With its unparalleled private collection of post-Impressionist art (more Cezannes than all the museums in Paris, more Renoirs than anywhere in the world), the Barnes Foundation (2025 Benjamin Franklin Pkwy; 215-278-7200) just celebrated the one-year anniversary of its controversial relocation from suburban Merion to a modern HQ in Center City. You’ll need at least two hours to take in the unorthodox, sunlit galleries. Time it so that you end your ogling at 6 p.m., just as the Barnes’ Friday night music series, starring locals acts such as Alô Brasil and the Oscuro Quintet, kicks off.
At 4,100 acres rambling through the Northwest Philly, Fairmount Park is less a neat urban green space than a self-contained horticultural ecosystem, at times prim and manicured, at times as wooded and unruly as something out of a Grimm fairy tale. Explore it by bike, which can be rented by the full ($32) or half ($25) day at Wheel Fun Rentals (1 Boathouse Row; 215-232-7778). An hour’s ride on the Schuylkill River Trail loops you around the iconic Art Museum; Paine’s Park, a stunning new multitiered skatepark; Shofuso, a Japanese house set in vivid gardens; and “the place called the Plateau,” immortalized in Will Smith’s "Summertime.” Official name: Belmont Plateau, and it’s still where everybody goes for the best views of the skyline.

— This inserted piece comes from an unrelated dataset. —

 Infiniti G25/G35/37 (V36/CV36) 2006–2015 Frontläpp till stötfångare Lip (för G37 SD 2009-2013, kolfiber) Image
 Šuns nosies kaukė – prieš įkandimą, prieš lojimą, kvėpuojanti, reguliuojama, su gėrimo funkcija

After that ride you deserve a liquid reward, and the City of Brotherly love obliges with ones of the nation’s best craft-beer scenes. Head down to South Philly, once a Peroni stronghold now home to some of the city’s best bars, such as the South Philadelphia Tap Room (1509 Mifflin St; 215-271-7787) in Newbold, a wellspring of rarities from breweries such as Founders, Dogfish Head, and Elysian, and the Industry (1401 E. Moyamensing Ave; 215-271-9500) in Pennsport, where the $6 staff-meal special lets you splurge on barrel-aged biggies from Russian River. If you happen to be in town during Beer Week (through June 9), a ten-day extravaganza that draws amateur and professional beer geeks from all across the globe, be sure to check the festival website for events such as the annual Oskar Blues Rodeo at American Sardine Bar (1800 Federal St; 215-334-2337) in Point Breeze. Chef Scott Schroeder is cooking fried ribs, Rocky Mountain oyster tacos, head-and-foot posole and other dishes starring pork and beef raised on the craft-can pioneer’s Colorado farm.

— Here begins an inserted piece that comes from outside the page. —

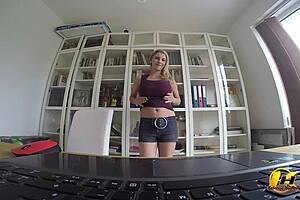 masturbatin in office for cam huge tits milf secretary show 😩💻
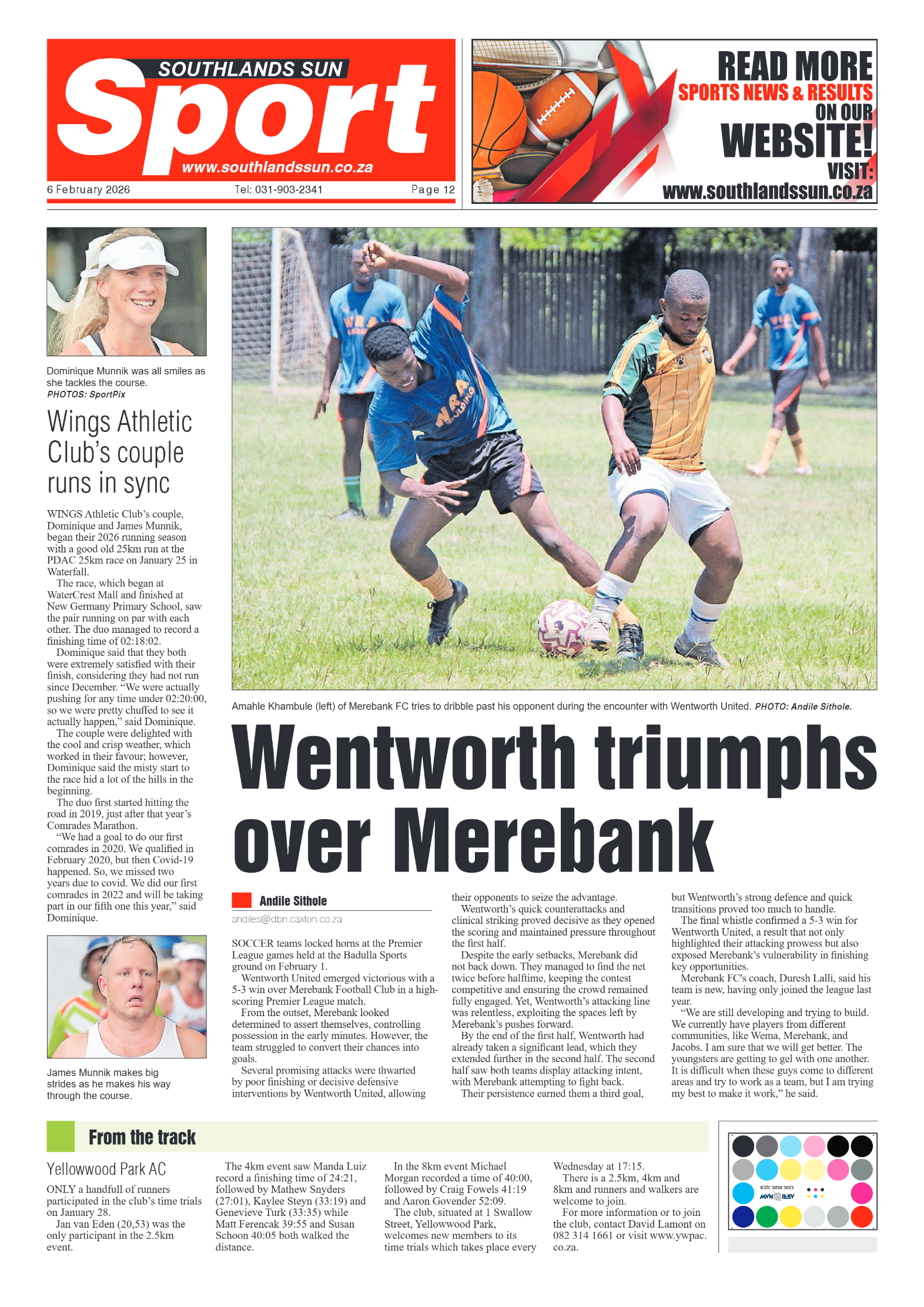 Southlands Sun 06 February 2026 page 12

Sleep in and head to the Farm and the Fisherman (1120 Pine St; 267-687-1555) in the tree-lined Washington Square West neighborhood. There Joshua Lawler, former chef of New York’s Blue Hill at Stone Barns, turns his impeccable 30-seat BYOB into a classroom for butchery seminars (1 p.m., $125–$160) one Sunday each month through the summer. You’ll learn to break down and craft sausage from whole pigs and goats (steer too, minus the links) raised by Lawler’s banker-turned-farmer pal, Dean Carlson of Chester Country’s Weybrook Farm, then feast on your efforts at a five-course lunch. (Email Judy for reservations.)